[EXERCISE PROMPT] Set down the entries again word for word, without any of the images.

====

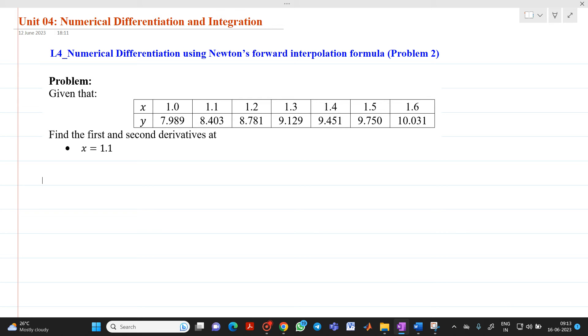Hello friends, my name is Chinmay Deshpande. In this video lecture we are going to discuss a second problem of numerical differentiation using Newton's forward interpolation formula.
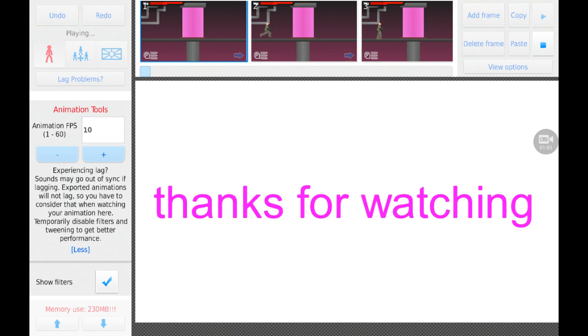Thanks for watching! Kind of fast, a little bit of a faster animation. See ya!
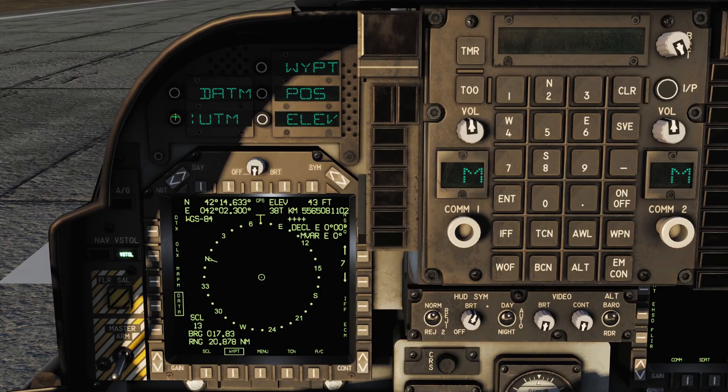UTM coordinates are not currently available for entry and will be added in a later update, however I expect them to be much the same for entry.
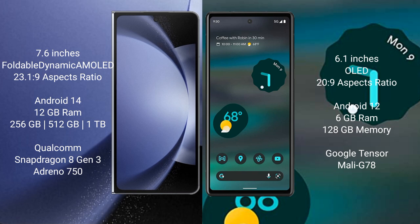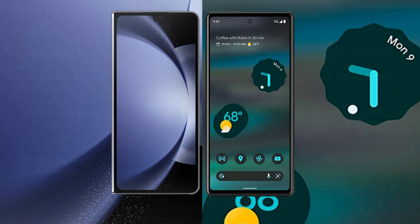The Google Pixel 6a comes with 6GB RAM and 128GB internal storage, powered by the Google Tensor processor with Mali-G78 GPU.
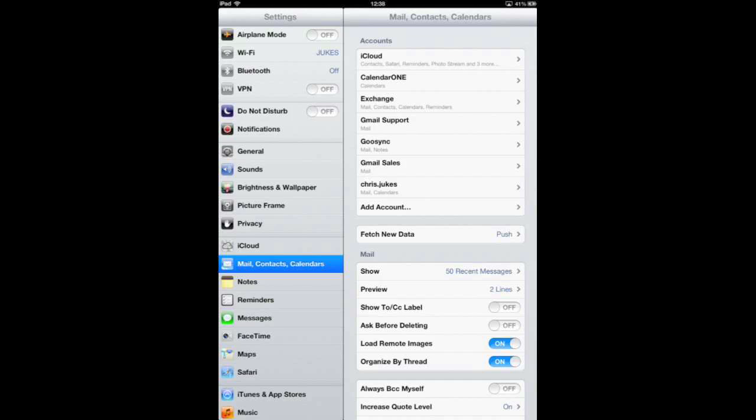You can see on mine I have Calendar 1 says Calendar, Exchange says Calendars and the Chris Jukes which is a Gmail account says Calendars. You need to turn all, that's every single one of your connections with calendars off and then turn them on one at a time.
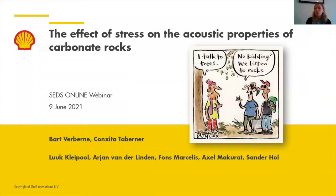Thanks everybody for attending today's presentation and welcome to this week's webinar. As always, we'd like to thank our sponsors from IAS, which allow us to offer all of these resources free of charge. This includes recorded lectures, learning tools, and even virtual field trips. Make sure you take a look at our website to see all the new info.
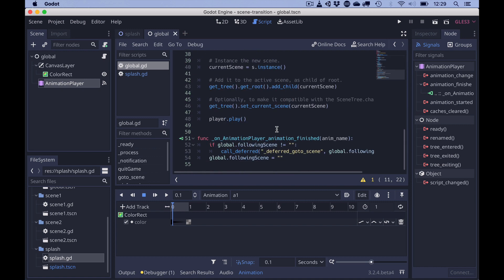Since following scene is still empty on the first start of the project, nothing more happens.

====

[REPLY]
Hello friends, my name is Chinmay Deshpande. In this video lecture we are going to discuss a second problem of numerical differentiation using Newton's forward interpolation formula.
Thanks for watching! Kind of fast, a little bit of a faster animation. See ya!
UTM coordinates are not currently available for entry and will be added in a later update, however I expect them to be much the same for entry.
The Google Pixel 6a comes with 6GB RAM and 128GB internal storage, powered by the Google Tensor processor with Mali-G78 GPU.
You can see on mine I have Calendar 1 says Calendar, Exchange says Calendars and the Chris Jukes which is a Gmail account says Calendars. You need to turn all, that's every single one of your connections with calendars off and then turn them on one at a time.
Thanks everybody for attending today's presentation and welcome to this week's webinar. As always, we'd like to thank our sponsors from IAS, which allow us to offer all of these resources free of charge. This includes recorded lectures, learning tools, and even virtual field trips. Make sure you take a look at our website to see all the new info.
Since following scene is still empty on the first start of the project, nothing more happens.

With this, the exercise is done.